When someone is injured due to the negligence of a medical professional, they may be able to secure compensation for their injuries through a Washington, D.C. medical malpractice lawsuit. However, due to the complex nature of these lawsuits, there are often multiple experts involved. Often, these experts are called to establish the element of causation.
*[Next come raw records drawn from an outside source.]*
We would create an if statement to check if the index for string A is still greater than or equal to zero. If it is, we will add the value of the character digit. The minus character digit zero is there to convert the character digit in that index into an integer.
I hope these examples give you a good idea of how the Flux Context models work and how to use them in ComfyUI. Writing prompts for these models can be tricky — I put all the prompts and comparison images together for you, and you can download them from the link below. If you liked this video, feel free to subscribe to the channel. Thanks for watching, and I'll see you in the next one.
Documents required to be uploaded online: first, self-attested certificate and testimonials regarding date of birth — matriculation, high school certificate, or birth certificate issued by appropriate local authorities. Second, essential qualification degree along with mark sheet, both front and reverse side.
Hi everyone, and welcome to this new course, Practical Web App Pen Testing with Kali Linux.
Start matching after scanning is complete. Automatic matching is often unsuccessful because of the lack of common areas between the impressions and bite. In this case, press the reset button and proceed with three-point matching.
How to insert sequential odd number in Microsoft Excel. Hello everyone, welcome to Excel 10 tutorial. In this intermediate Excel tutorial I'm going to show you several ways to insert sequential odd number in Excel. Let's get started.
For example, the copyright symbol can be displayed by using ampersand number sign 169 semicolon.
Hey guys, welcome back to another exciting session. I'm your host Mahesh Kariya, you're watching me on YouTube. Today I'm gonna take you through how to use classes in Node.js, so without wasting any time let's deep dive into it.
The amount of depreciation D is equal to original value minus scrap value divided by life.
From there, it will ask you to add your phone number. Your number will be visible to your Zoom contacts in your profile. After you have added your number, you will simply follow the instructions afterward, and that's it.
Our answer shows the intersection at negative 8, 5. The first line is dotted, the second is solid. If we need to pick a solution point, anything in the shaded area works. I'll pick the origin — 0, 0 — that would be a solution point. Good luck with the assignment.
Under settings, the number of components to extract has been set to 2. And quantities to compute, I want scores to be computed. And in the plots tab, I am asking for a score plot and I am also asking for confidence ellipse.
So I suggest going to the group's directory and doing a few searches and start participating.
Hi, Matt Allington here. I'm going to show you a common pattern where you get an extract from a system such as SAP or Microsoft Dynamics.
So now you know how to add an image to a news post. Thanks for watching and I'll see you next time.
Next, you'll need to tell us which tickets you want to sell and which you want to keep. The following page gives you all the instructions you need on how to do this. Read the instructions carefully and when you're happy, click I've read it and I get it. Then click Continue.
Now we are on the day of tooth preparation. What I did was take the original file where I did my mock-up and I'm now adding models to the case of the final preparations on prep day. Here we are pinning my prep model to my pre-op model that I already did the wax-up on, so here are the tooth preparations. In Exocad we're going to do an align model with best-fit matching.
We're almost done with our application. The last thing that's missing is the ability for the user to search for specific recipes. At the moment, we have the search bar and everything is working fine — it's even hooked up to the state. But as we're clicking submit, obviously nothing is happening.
Causation in a medical malpractice case is a critical element that must be established by the plaintiff. In order to successfully prove causation, a plaintiff must present some testimony establishing that the defendant’s actions were the cause of the plaintiff’s injuries. Thus, it will not be enough for the plaintiff to establish that the defendant medical professional was negligent; it must also be shown that the defendant’s negligence resulted in the plaintiff’s injuries. A recent case illustrates the consequences one plaintiff suffered after failing to connect the dots in a medical malpractice lawsuit.
The Facts of the Case
The plaintiff had a laparoscopic hysterectomy performed by the defendant doctor. During the surgery, the defendant perforated the plaintiff’s bowel, and despite checking for any injuries before finishing the surgery, he did not notice the perforation. After the surgery, the plaintiff was experiencing abdominal pain and difficulty urinating.
The plaintiff was later diagnosed with a bowel perforation. The perforation was repaired by another doctor, and the plaintiff later filed a medical malpractice lawsuit. The plaintiff initially claimed that the doctor was negligent for perforating her bowel, for failing to notice the perforation, and for failing to consult with a general surgeon after discovering the perforation. However, at trial, the plaintiff abandoned the claim that the defendant was negligent in perforating her bowel. Thus, the case proceeded on the latter two theories only.
At trial, the plaintiff presented expert witness testimony that the defendant was negligent for failing to recognize the perforation and also for failing to consult with a general surgeon. However, there was no evidence presented regarding whether the plaintiff’s injuries would have been any less had the defendant recognized the perforation and consulted with a general surgeon.
The court determined that this lack of testimony was fatal to the plaintiff’s claim. The court explained that, in order to successfully prove a medical malpractice case, the plaintiff must establish each element of the claim. Here, the plaintiff presented evidence supporting a finding that the defendant was negligent, but there was no evidence linking the defendant’s negligence to the plaintiff’s injuries. And since the plaintiff did not claim that the defendant was negligent in perforating her bowel, the only injuries at issue were those that were worsened by the defendant’s failure to recognize and treat the perforation once it occurred.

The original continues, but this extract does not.